A Standard Corpus of Present-Day Edited American
English, for use with Digital Computers.




In [3]:
brown.fileids()[:5]

['ca01', 'ca02', 'ca03', 'ca04', 'ca05']

In [4]:
brown.categories()

['adventure',
 'belles_lettres',
 'editorial',
 'fiction',
 'government',
 'hobbies',
 'humor',
 'learned',
 'lore',
 'mystery',
 'news',
 'religion',
 'reviews',
 'romance',
 'science_fiction']

In [5]:
brown.sents('ca01')[0]

['The',
 'Fulton',
 'County',
 'Grand',
 'Jury',
 'said',
 'Friday',
 'an',
 'investigation',
 'of',
 "Atlanta's",
 'recent',
 'primary',
 'election',
 'produced',
 '``',
 'no',
 'evidence',
 "''",
 'that',
 'any',
 'irregularities',
 'took',
 'place',
 '.']

## 2. Compiling a list of the most popular words in the corpus

We will supply all the words in the corpus to `FreqDist` to count the number of times each word appears. We will use Python strings’ `isalpha()` method to make sure that punctuation tokens are not included, even though this will also exclude words like `1` (very common), `Aug.`, `1913`, `13th`, `over-all`, etc.

In [6]:
from nltk import FreqDist

word_freq_in_corpus = FreqDist(w.lower() for w in brown.words() if w.isalpha())
word_freq_in_corpus

FreqDist({'the': 69971, 'of': 36412, 'and': 28853, 'to': 26158, 'a': 23195, 'in': 21337, 'that': 10594, 'is': 10109, 'was': 9815, 'he': 9548, ...})

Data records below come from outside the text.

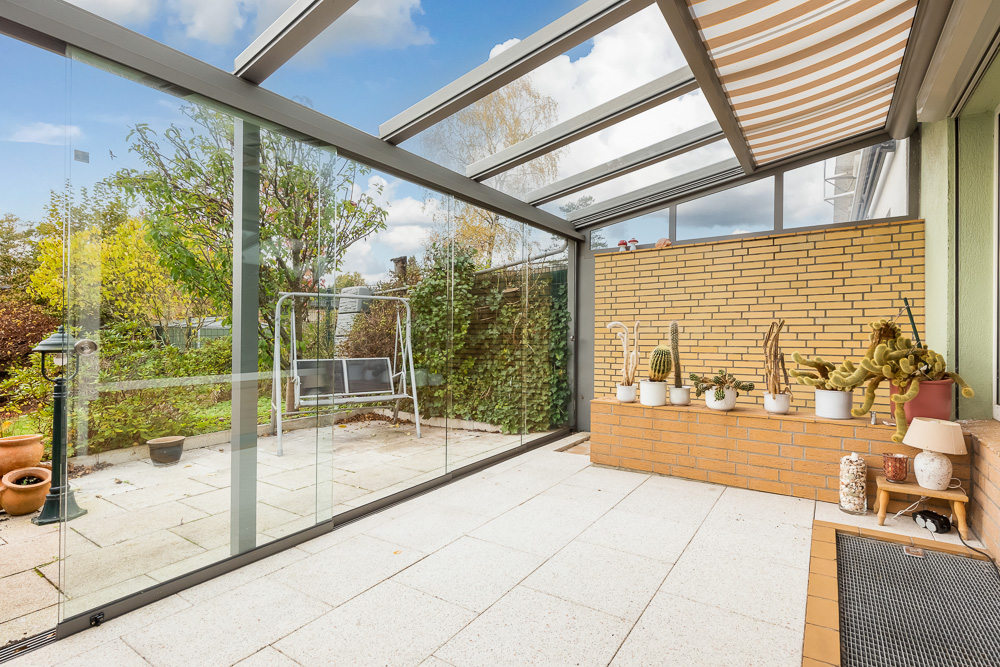 Überdachte Terrasse mit Glaswänden, Sitzbank, Kakteentöpfen und Blick auf Garten.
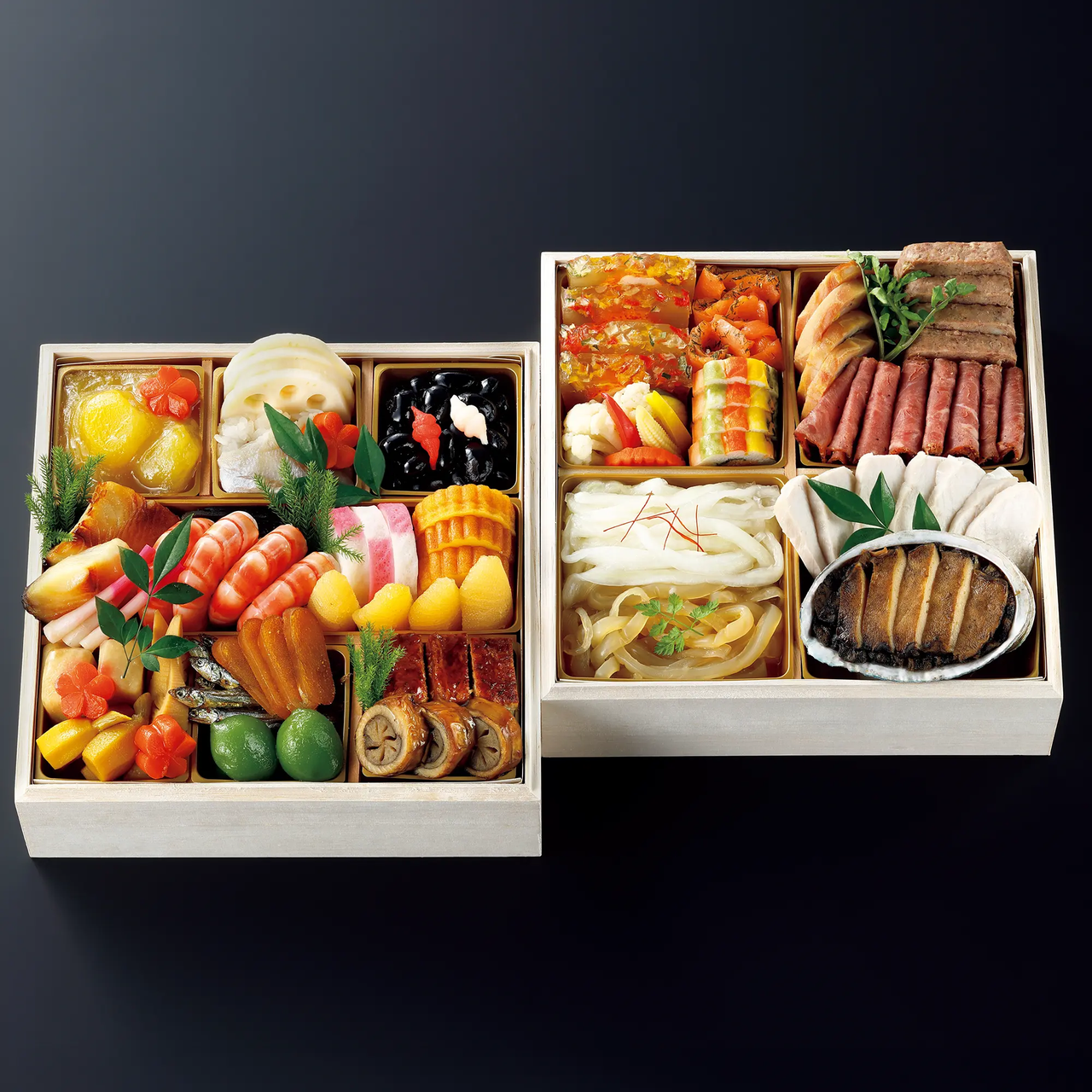Two traditional Japanese bento boxes filled with an assortment of colorful seafood, vegetables, and meats, artfully arranged on a dark background.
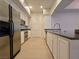 Kitchen featuring stainless steel appliances, granite countertops, and white cabinetry at 38 E Serene Ave # 432, Las Vegas, NV 89123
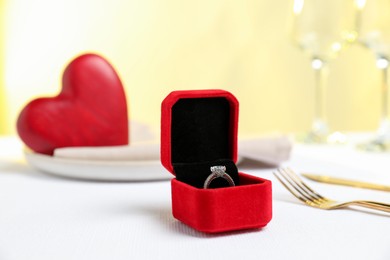 Photo of Beautiful engagement ring and setting for romantic dinner on white table, closeup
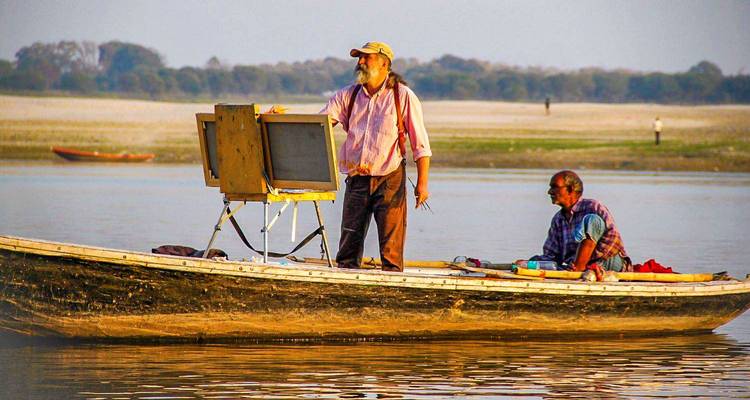 Dos hombres en un barco, uno mirando a la distancia.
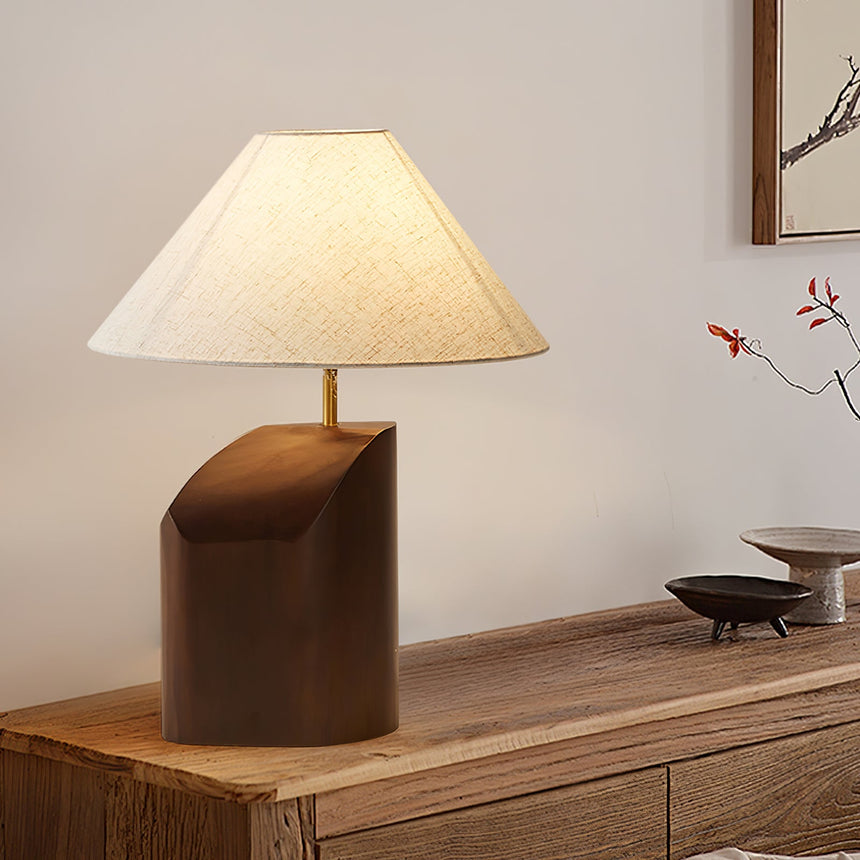 Bedroom table lamp lit on a sideboard beside a branch in a vase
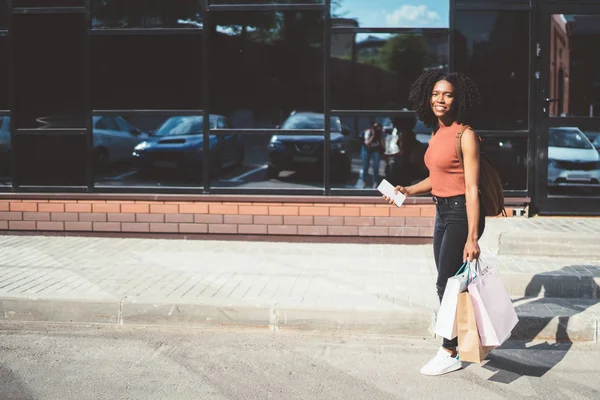 城市阳光明媚的日子 快乐的女性购物狂在城市环境中漫步 手握好购物品 面带微笑 非洲裔美国买家带着纸袋 购物时感觉良好 — 图库照片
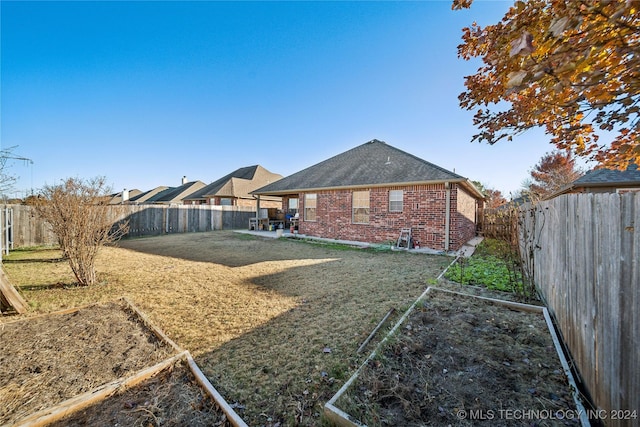 back of property featuring a lawn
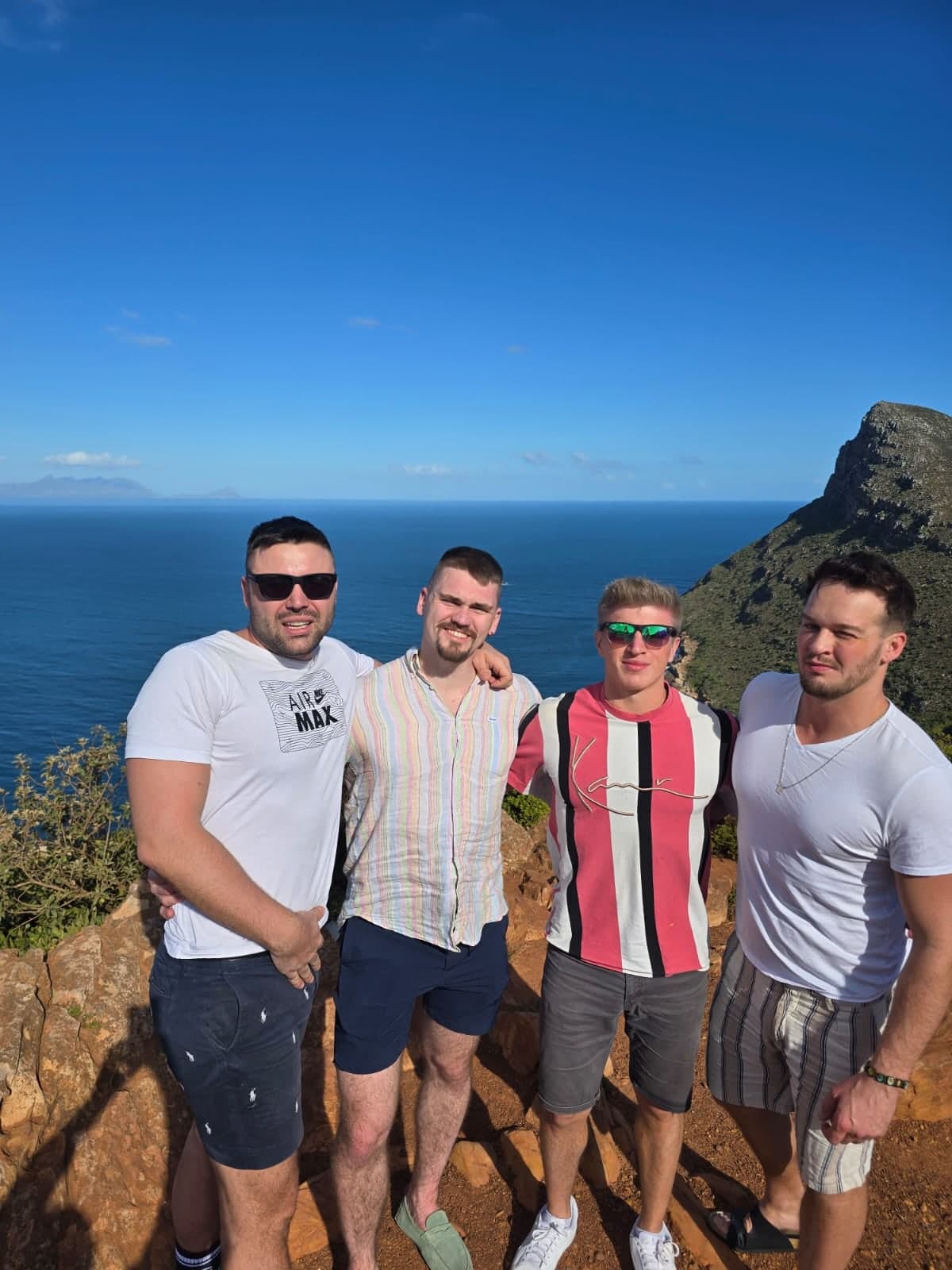 Four friends on a clifftop at Cape Point with the ocean behind them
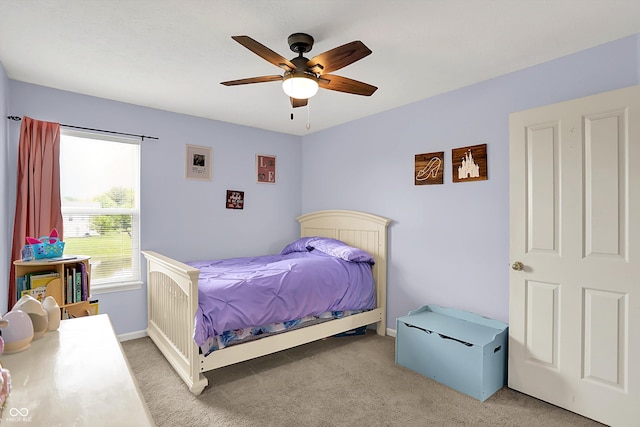 6624 Lakestone Ct, Indianapolis, IN 46237 - bedroom with light carpet, baseboards, and a ceiling fan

Next, we convert `word_freq_in_corpus` to a list of lists to make it easier to work with.

In [7]:
word_freq_in_corpus = list(map(list, word_freq_in_corpus.items()))
word_freq_in_corpus[:10]

[['the', 69971],
 ['fulton', 17],
 ['county', 155],
 ['grand', 48],
 ['jury', 67],
 ['said', 1961],
 ['friday', 60],
 ['an', 3740],
 ['investigation', 51],
 ['of', 36412]]

In [8]:
word_freq_in_corpus_sorted = sorted(word_freq_in_corpus, key=lambda x: x[1], reverse=True)
word_freq_in_corpus_sorted[:10]

[['the', 69971],
 ['of', 36412],
 ['and', 28853],
 ['to', 26158],
 ['a', 23195],
 ['in', 21337],
 ['that', 10594],
 ['is', 10109],
 ['was', 9815],
 ['he', 9548]]

In [9]:
top_1500_words = word_freq_in_corpus_sorted[:1500]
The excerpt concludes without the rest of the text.